In the example above, we do a simple symbolic execution to see that the program is in fact just adding 4 to the input. This would have been very hard to detect using regular testing and even with some kinds of static analysis.

2.1. Symbolic Values

As mentioned above, a symbolic value is a formulae explaining how to calculate a value from inputs. We use symbols to indicate an input.

You can consider symbolic values as very simple programs or expressions, which are easy to do further analysis on.
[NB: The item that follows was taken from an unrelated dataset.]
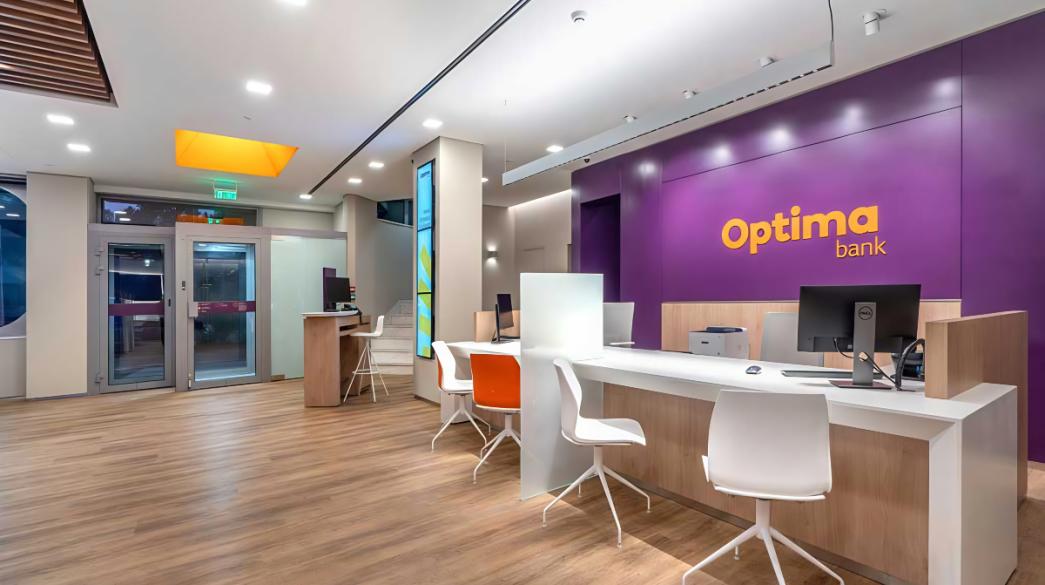Optima Bank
For example, assuming the input $i$ is 42, then the concrete value of $i+2-10$ is $34$, while the symbolic value is $i-8$. We can use z3 to simplify symbolic values for us using the z3.simplify command.

>>> import z3
>>> i = z3.Int("i")
>>> e = i + 2 - 10
>>> print(e)
i + 2 - 10 
>>> print(z3.simplify(e))
-8 + i 

This is very useful as for loops can add a lot of $((x+1)+1)+1$ to your symbolic expressions:

>>> i = z3.Int("i")
>>> for r in range(10):
...     i = i + 1
... 
>>> print(i)
i + 1 + 1 + 1 + 1 + 1 + 1 + 1 + 1 + 1 + 1

>>> i = z3.Int("i")
>>> for r in range(10):
...     i = z3.simplify(i + 1)
... 
>>> print(i)
10 + i

2.2. Path Constraints

When analysing real program we quickly face a problem, executions have context. If we first check if a variable $x$ is less than $10$, and it is true then we know that in this branch $x<10$. This is called a path constraint, as individual values does not hold this information, but the full context of the path does. We can denote a symbolic execution like $\psi ⊢\sigma$, where $\psi$ is the path constraints and $\sigma$ is the symbolic state, which is often a mapping from variables to symbolic values.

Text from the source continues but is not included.